COLLECTED MATERIAL:
════

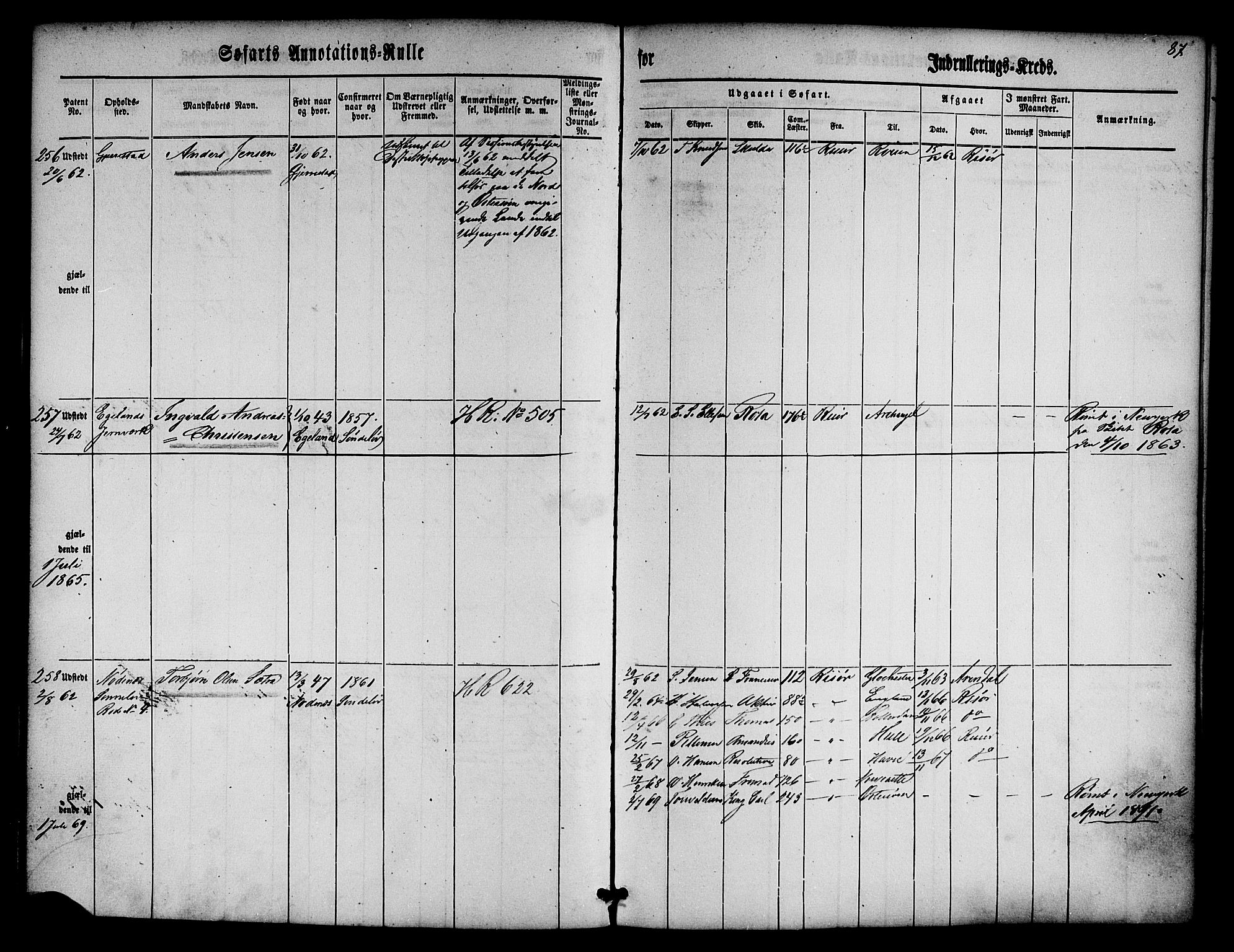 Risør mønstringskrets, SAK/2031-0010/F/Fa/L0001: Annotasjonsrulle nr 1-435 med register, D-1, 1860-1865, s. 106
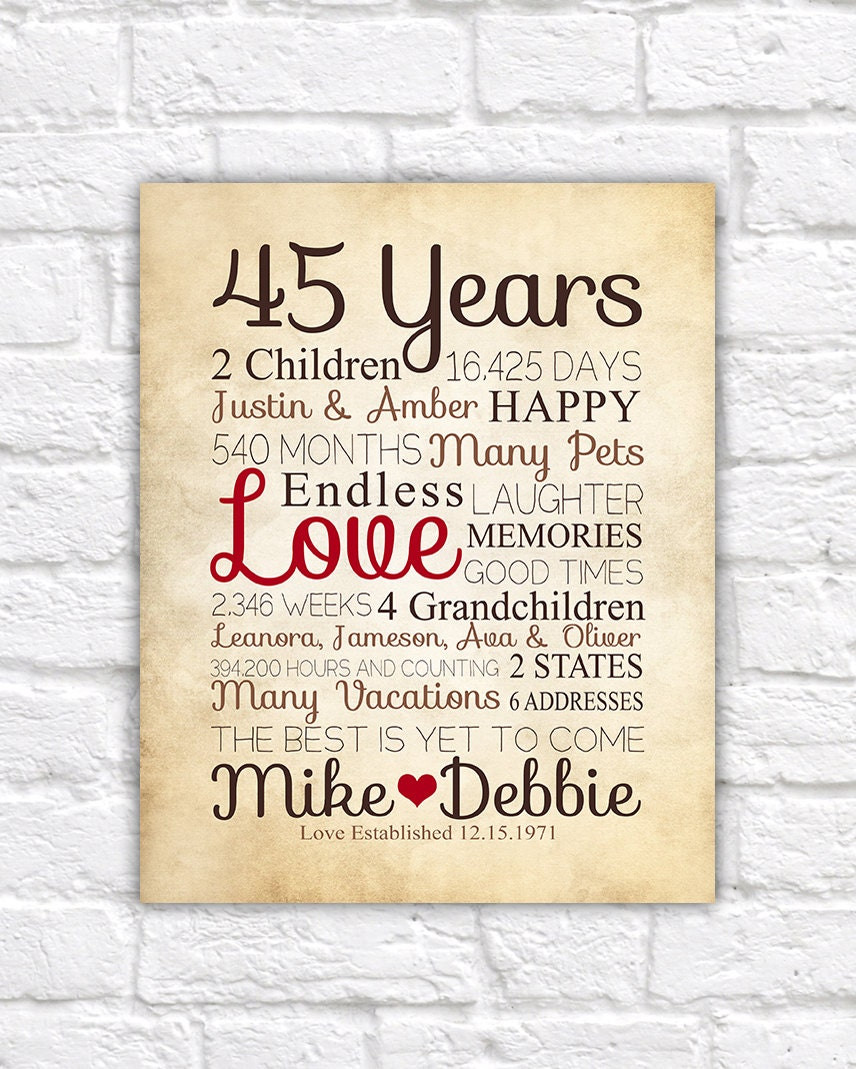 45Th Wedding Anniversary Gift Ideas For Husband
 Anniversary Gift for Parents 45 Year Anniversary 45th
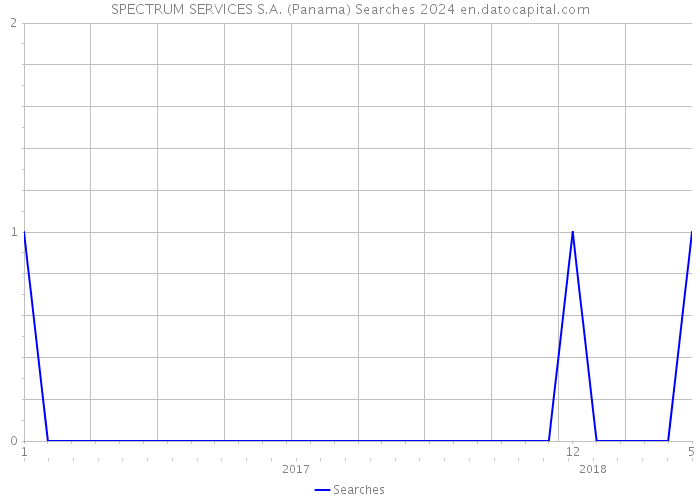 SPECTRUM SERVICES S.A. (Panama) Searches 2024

════

WHAT THE TASK REQUIRES:
Omit the pictures and repeat the rest of the listing verbatim.

EXERCISE ANSWER:
 Risør mønstringskrets, SAK/2031-0010/F/Fa/L0001: Annotasjonsrulle nr 1-435 med register, D-1, 1860-1865, s. 106
 45Th Wedding Anniversary Gift Ideas For Husband
 Anniversary Gift for Parents 45 Year Anniversary 45th
 SPECTRUM SERVICES S.A. (Panama) Searches 2024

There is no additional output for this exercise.